[Dataset excerpts — start]

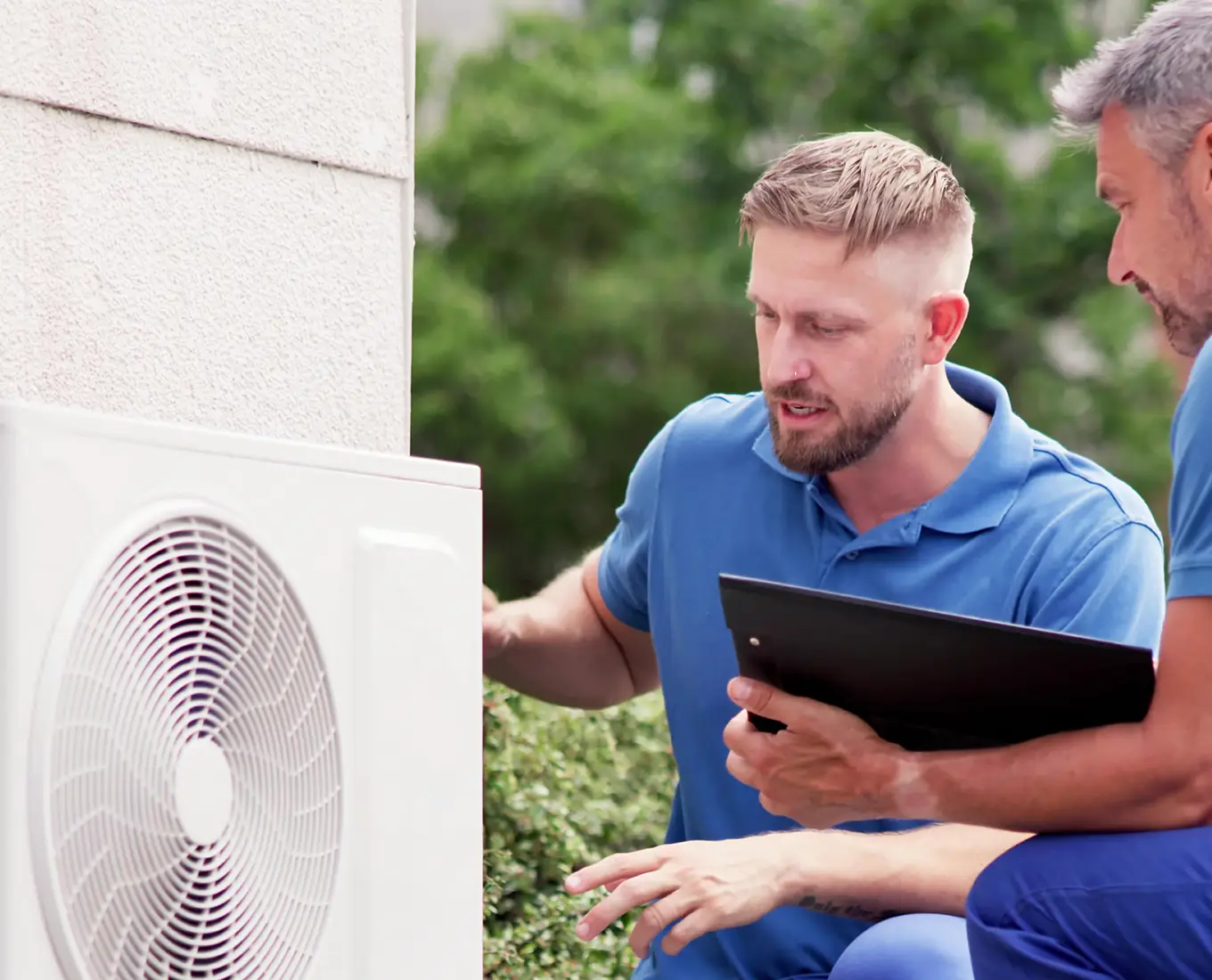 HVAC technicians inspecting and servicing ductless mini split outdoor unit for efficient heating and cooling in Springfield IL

[Dataset excerpts — finish]
[Dataset excerpts — start]

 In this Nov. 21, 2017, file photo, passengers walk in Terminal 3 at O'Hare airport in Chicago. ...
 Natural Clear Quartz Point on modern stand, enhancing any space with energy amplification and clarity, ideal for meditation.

[Dataset excerpts — finish]

**Directions for this task:** Write out only the lines that run from the line containing "In this Nov." through the line containing "Natural Clear Quartz", both included, exactly as they appear above.

**Task answer:**
 In this Nov. 21, 2017, file photo, passengers walk in Terminal 3 at O'Hare airport in Chicago. ...
 Natural Clear Quartz Point on modern stand, enhancing any space with energy amplification and clarity, ideal for meditation.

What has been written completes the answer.